With that, let me turn the call over to Brent.

Brent Lang -- Chief Executive Officer

Thanks, Justin. Hello, everyone. I want to wish all of you good health and safety as we live through the global endemic. Once again, this quarter, a main theme for our call will be describing how we are operating and excelling in this changed -- challenging environment.

I want to start the call by saying, I could not be more proud of the job that Vocera's employees have done to remain focused on the task at hand and to deliver outstanding results for our customers and our investors. Q2 was an incredibly challenging quarter for our world and for our company. We fought through rapidly changing market dynamics, accelerated our supply chain, executed in an unprecedented work-from-home environment and navigated the economic and psychological impact of the global pandemic. We evolved our marketing messages, innovated our product offerings and adapted our go-to-market approach for both sales and service to delivery to a remote work environment.

Through it all, our employees were inspired by our mission to improve the lives of patients and caregivers, and we rose to the occasion to meet these challenges. This translated to excellent performance in our business across the board. Revenues for the quarter were over $47 million, representing solid year-over-year growth and exceeding expectations. We also had a great bookings performance, driven by both urgent orders to respond to COVID outbreaks and large strategic wins with some new marquee customers.

Our professional services team persevered by continuing deployments, both on-site and via remote needs. Badge shipments remain strong, and importantly, our Smartbadge is building meaningful momentum as customers recognize the value in choosing the right device for the right role. Despite the difficult environments and budgetary challenges facing our hospital customers, our engagement with them continues. Our teams took quick action to transition as many meanings as possible to virtual discussions.

And as a result, our pipeline is strong and engagement with prospects is high. Our teams have risen to the challenge and are excelling in this new normal. Now let me go into a little bit more detail on some of the highlights from the quarter. Our Q2 bookings performance was great.

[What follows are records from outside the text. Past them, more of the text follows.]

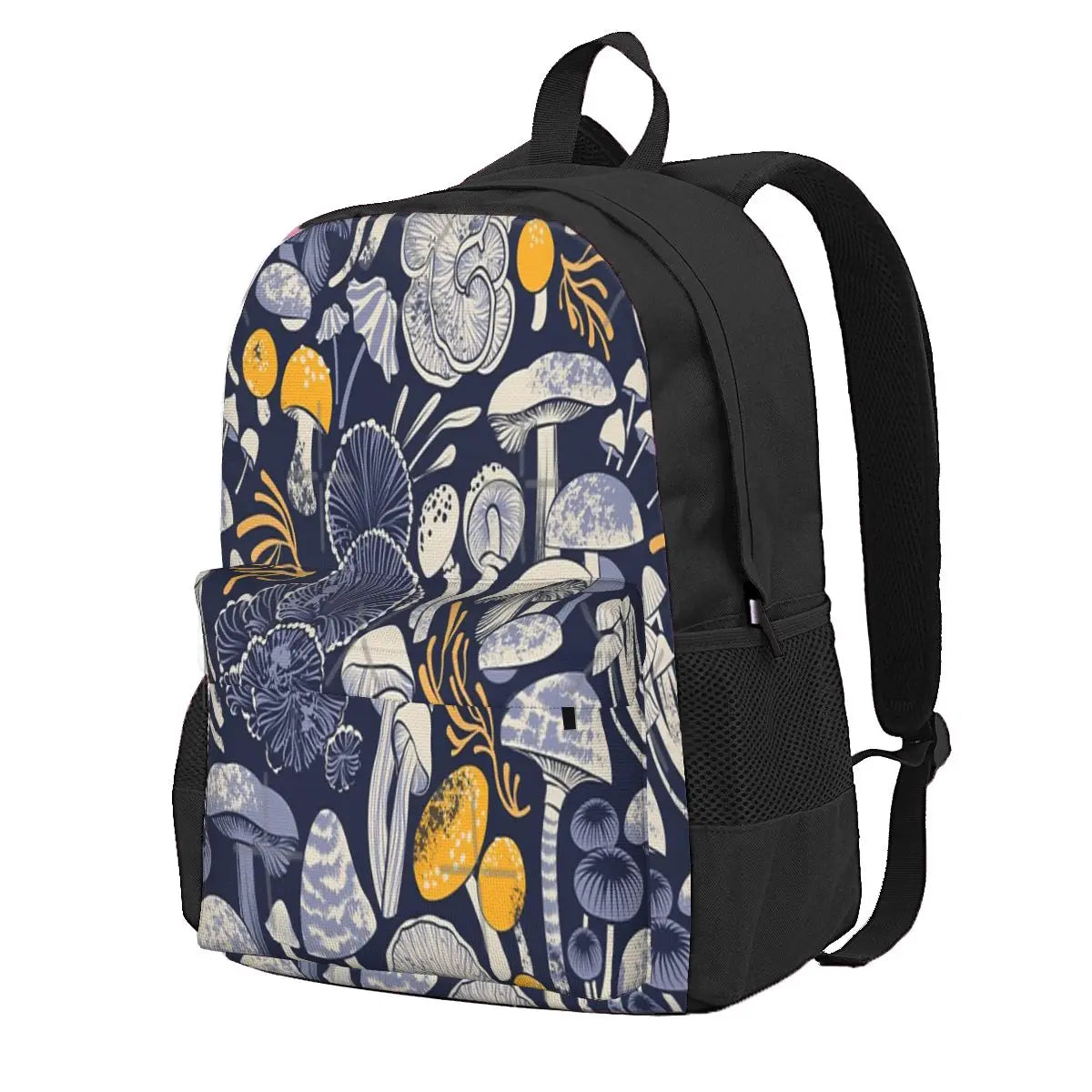 Mystical Fungi Midnight 1 Backpacks Men's Backpacks Bags For Women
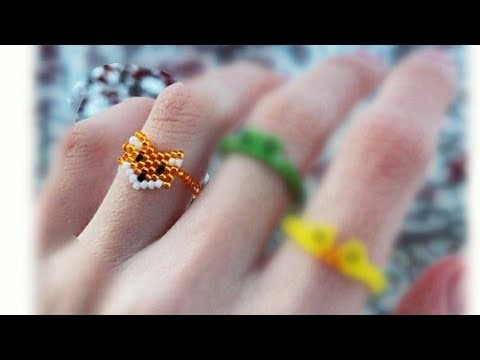 Diy Beaded | Fox Bead Ring Tutorial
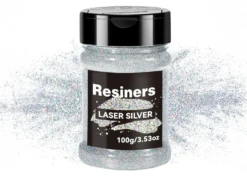Resiners Glitter olografico ultra-fine 100g Argento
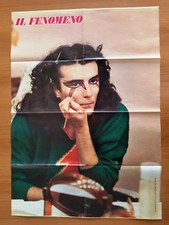 RENATO ZERO POSTER MANIFESTO BIFACCIALE CM. 60X43 #64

We won several very large strategic deals, and we saw continued strength in urgent COVID-related orders as hospitals worked quickly to try to prepare for and respond to this crisis. Our strong bookings performance underscores our relevance and importance, both today and over the longer-term as we streamline clinical workflows and communications, drive efficiencies and cost savings and improve patient and care teams' safety. Our sales team really delivered this quarter. In the VA alone, we booked over $6 million in large and strategic new facility wins.

We also won an important $2 million expansion at UT Southwest, where they will be using our Smartbadge, and we received a follow-on expansion order from Kaiser that was equal in magnitude to last quarter's big win. Interest in our hands-free device remains high and badge orders grew substantially over last year as customers leveraged our software platform during these challenging times. In a dynamic supply chain environment, we met the demand for our badges by ramping our assembly capacity in Mexico and Taiwan, and we are proactively building higher inventory to prepare for future demand. We have positioned our hands-free solution as an essential part of clinician's personal protective equipment and based on our strong first-half performance, it is clear to me that our badge is now viewed by many of our customers as PPE.

One of the highlights of the quarter was growing momentum around the uptake of Smartbadges as new features like the wake word and panic button are driving interest from customers. For example, Norton, a large new customer for us in Q4, shifted their plans in Q2 to include Smartbadges rather than smartphones for certain roles. They told us they are now able to include almost 50% more of their care teams in the deployment of our solution because of the cost savings of using the Smartbadge rather than smartphone. This means we can have greater impact on patient safety and staff experience across the health system.

Other new Smartbadge customers include the University of Arkansas Medical Center and South Coast Health. We believe the Smartbadge is elevating its importance in an environment where customers are picking the right device for the right role. The federal market was especially robust for us in Q2, and we are delighted that strong demand from the Fed is no longer just a Q3 event. This quarter's Fed bookings included urgent COVID-related business plus some large strategic wins.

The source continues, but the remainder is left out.